Merge pull request #7184 from gabor-mezei-arm/6349_Secp224r1_fast_reduction

Extract Secp224r1 fast reduction from the prototype
diff --git a/library/ecp_curves.c b/library/ecp_curves.c
index b352e76..81ad73a 100644
--- a/library/ecp_curves.c
+++ b/library/ecp_curves.c
@@ -4575,6 +4575,8 @@
 #endif
 #if defined(MBEDTLS_ECP_DP_SECP224R1_ENABLED)
 static int ecp_mod_p224(mbedtls_mpi *);
+MBEDTLS_STATIC_TESTABLE
+int mbedtls_ecp_mod_p224_raw(mbedtls_mpi_uint *X, size_t X_limbs);
 #endif
 #if defined(MBEDTLS_ECP_DP_SECP256R1_ENABLED)

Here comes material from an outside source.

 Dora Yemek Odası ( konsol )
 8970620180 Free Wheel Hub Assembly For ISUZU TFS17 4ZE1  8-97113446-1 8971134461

 static int ecp_mod_p256(mbedtls_mpi *);
@@ -4951,6 +4953,173 @@
 #if defined(MBEDTLS_ECP_DP_SECP224R1_ENABLED) ||   \
     defined(MBEDTLS_ECP_DP_SECP256R1_ENABLED) ||   \
     defined(MBEDTLS_ECP_DP_SECP384R1_ENABLED)
+
+/*
+ * The reader is advised to first understand ecp_mod_p192() since the same
+ * general structure is used here, but with additional complications:
+ * (1) chunks of 32 bits, and (2) subtractions.
+ */
+
+/*
+ * For these primes, we need to handle data in chunks of 32 bits.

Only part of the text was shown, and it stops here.